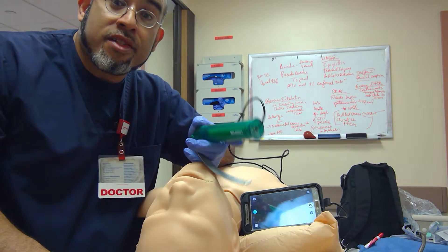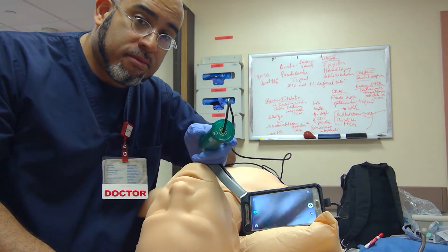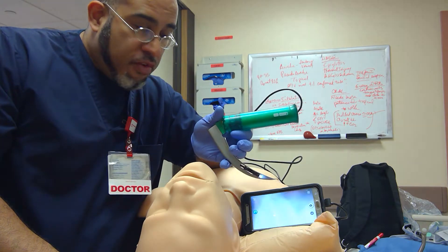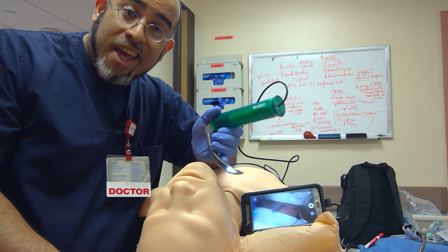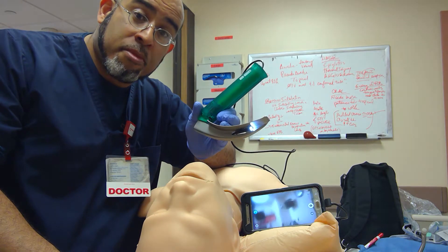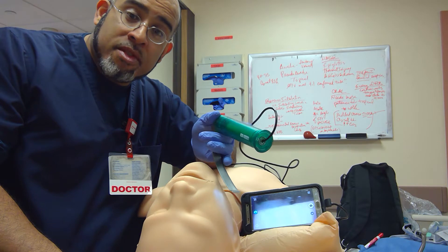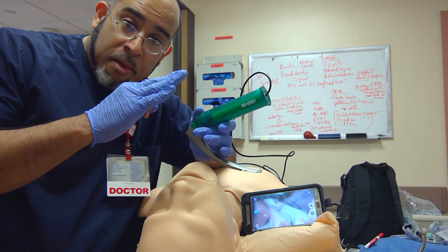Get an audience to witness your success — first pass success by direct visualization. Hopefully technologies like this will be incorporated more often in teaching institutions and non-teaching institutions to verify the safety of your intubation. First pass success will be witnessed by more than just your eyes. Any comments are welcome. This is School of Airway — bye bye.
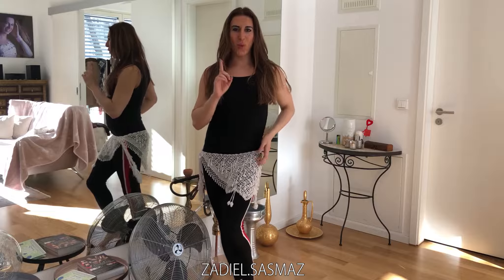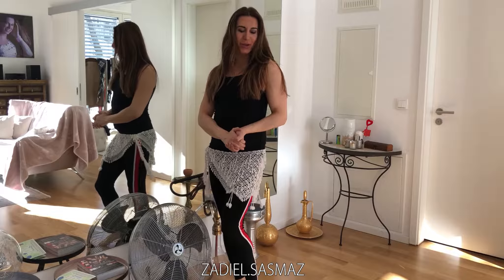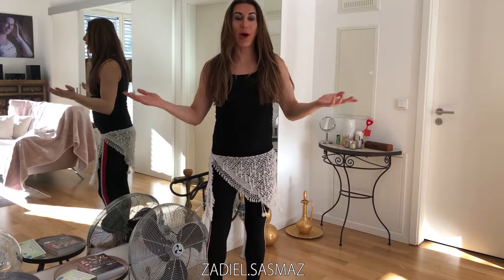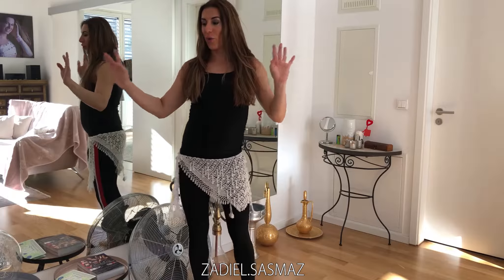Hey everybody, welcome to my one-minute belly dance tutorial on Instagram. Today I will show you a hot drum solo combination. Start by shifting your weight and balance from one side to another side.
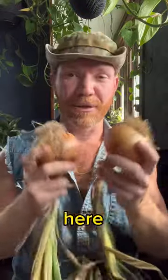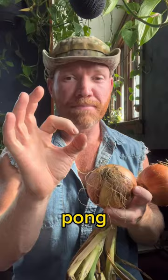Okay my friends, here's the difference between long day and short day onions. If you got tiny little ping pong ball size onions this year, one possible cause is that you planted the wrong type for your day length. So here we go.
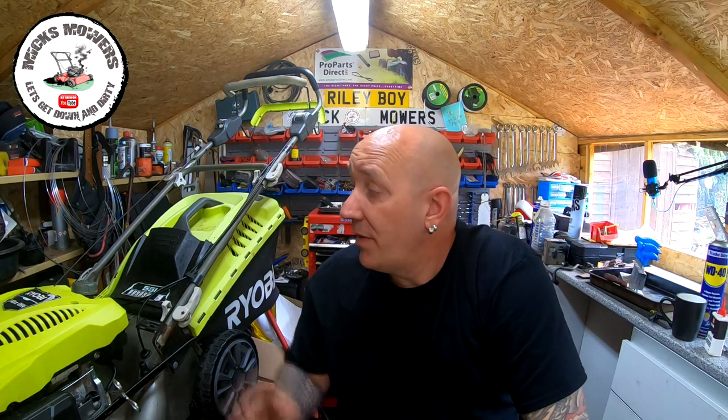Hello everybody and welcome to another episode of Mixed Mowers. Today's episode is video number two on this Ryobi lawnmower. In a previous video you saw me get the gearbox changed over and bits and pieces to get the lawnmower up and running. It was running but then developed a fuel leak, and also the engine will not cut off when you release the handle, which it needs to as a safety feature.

---

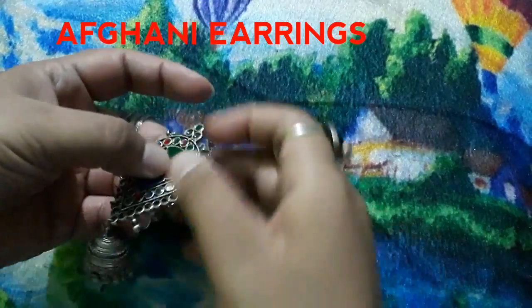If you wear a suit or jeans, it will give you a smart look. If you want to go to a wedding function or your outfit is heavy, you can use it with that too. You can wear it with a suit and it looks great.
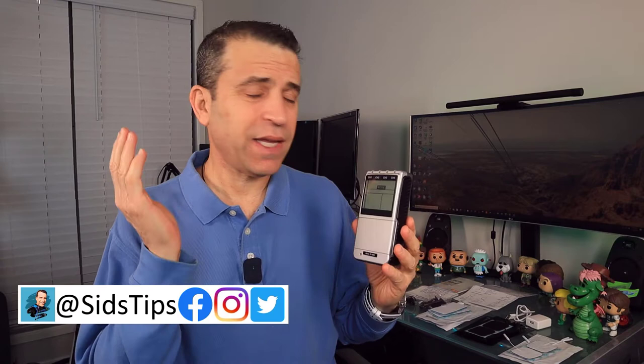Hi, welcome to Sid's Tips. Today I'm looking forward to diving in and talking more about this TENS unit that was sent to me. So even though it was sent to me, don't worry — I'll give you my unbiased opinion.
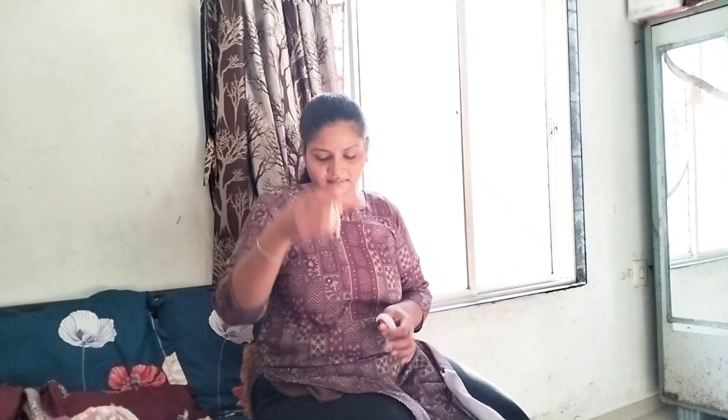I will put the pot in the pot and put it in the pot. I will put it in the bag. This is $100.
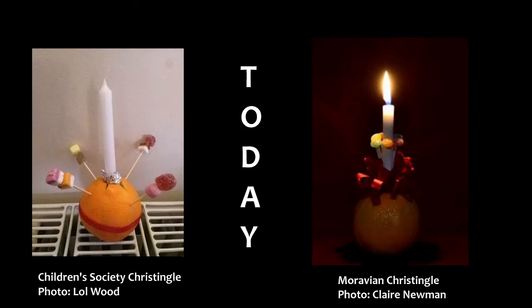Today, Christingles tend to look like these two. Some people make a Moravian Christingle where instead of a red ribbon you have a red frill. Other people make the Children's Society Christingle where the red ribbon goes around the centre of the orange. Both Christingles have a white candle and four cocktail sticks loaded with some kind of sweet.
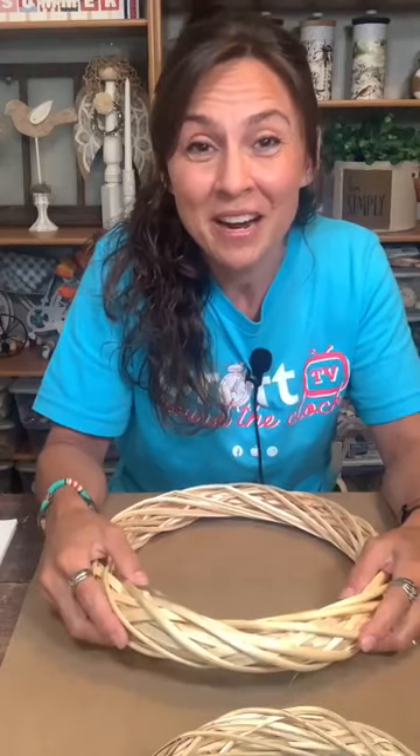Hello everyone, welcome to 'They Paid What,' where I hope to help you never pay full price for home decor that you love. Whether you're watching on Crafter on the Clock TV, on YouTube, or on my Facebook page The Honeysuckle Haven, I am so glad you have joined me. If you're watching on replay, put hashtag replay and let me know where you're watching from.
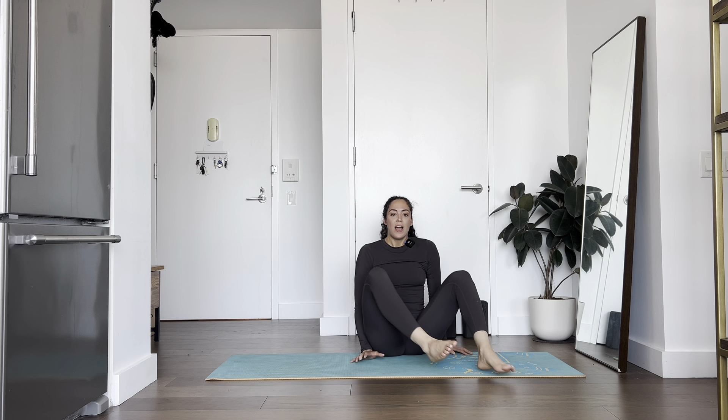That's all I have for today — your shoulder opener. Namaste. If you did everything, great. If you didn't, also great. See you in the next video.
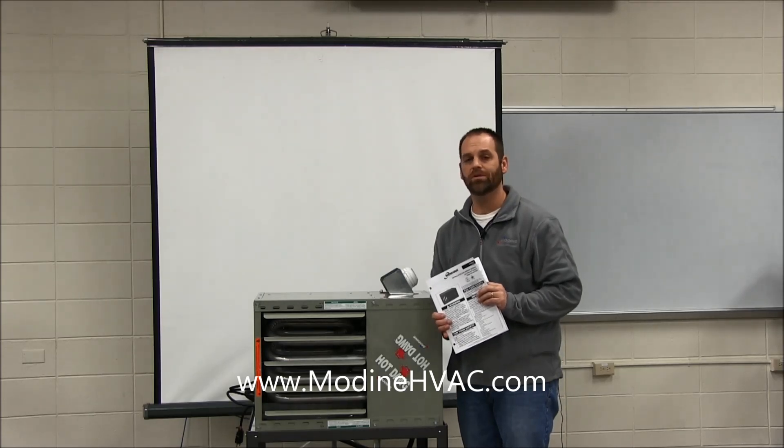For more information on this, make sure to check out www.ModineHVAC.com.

---

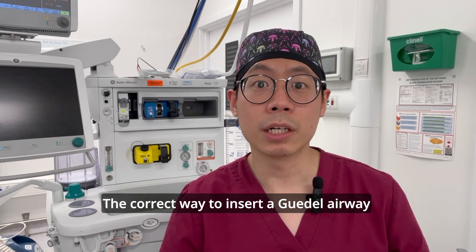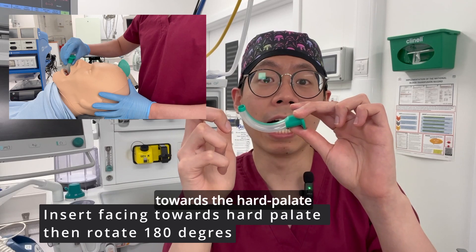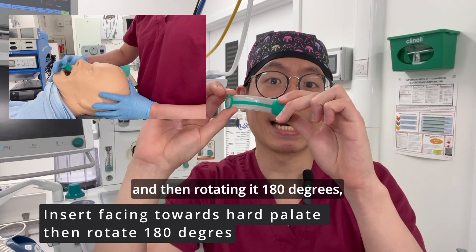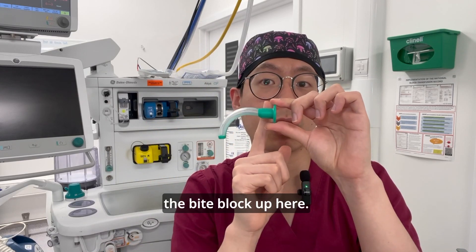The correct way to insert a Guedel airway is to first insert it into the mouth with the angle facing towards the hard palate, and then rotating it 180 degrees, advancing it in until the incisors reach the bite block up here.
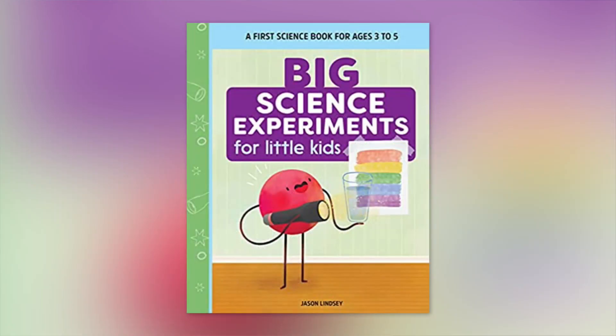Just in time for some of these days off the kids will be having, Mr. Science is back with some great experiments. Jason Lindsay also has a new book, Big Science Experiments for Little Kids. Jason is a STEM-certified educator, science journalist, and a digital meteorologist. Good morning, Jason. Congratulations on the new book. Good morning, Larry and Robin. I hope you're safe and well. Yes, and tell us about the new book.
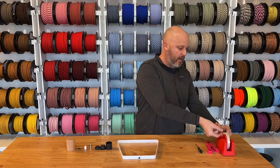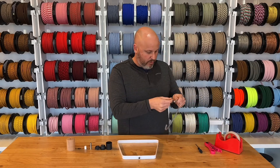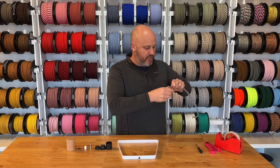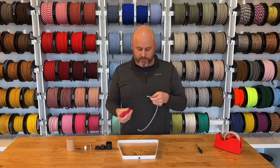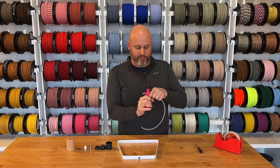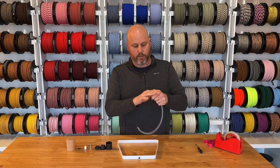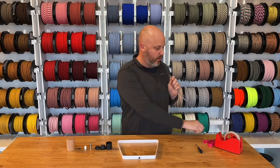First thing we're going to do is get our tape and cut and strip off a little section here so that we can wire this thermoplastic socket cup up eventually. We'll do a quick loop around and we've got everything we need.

Your assignment:
Look above for the line containing "Hi, welcome to", then write out every line from there down to the line containing "For more information", that line included, with no pictures.

Response below:
Hi, welcome to Sid's Tips. Today I'm looking forward to diving in and talking more about this TENS unit that was sent to me. So even though it was sent to me, don't worry — I'll give you my unbiased opinion.
I will put the pot in the pot and put it in the pot. I will put it in the bag. This is $100.
Today, Christingles tend to look like these two. Some people make a Moravian Christingle where instead of a red ribbon you have a red frill. Other people make the Children's Society Christingle where the red ribbon goes around the centre of the orange. Both Christingles have a white candle and four cocktail sticks loaded with some kind of sweet.
Hello everyone, welcome to 'They Paid What,' where I hope to help you never pay full price for home decor that you love. Whether you're watching on Crafter on the Clock TV, on YouTube, or on my Facebook page The Honeysuckle Haven, I am so glad you have joined me. If you're watching on replay, put hashtag replay and let me know where you're watching from.
That's all I have for today — your shoulder opener. Namaste. If you did everything, great. If you didn't, also great. See you in the next video.
For more information on this, make sure to check out www.ModineHVAC.com.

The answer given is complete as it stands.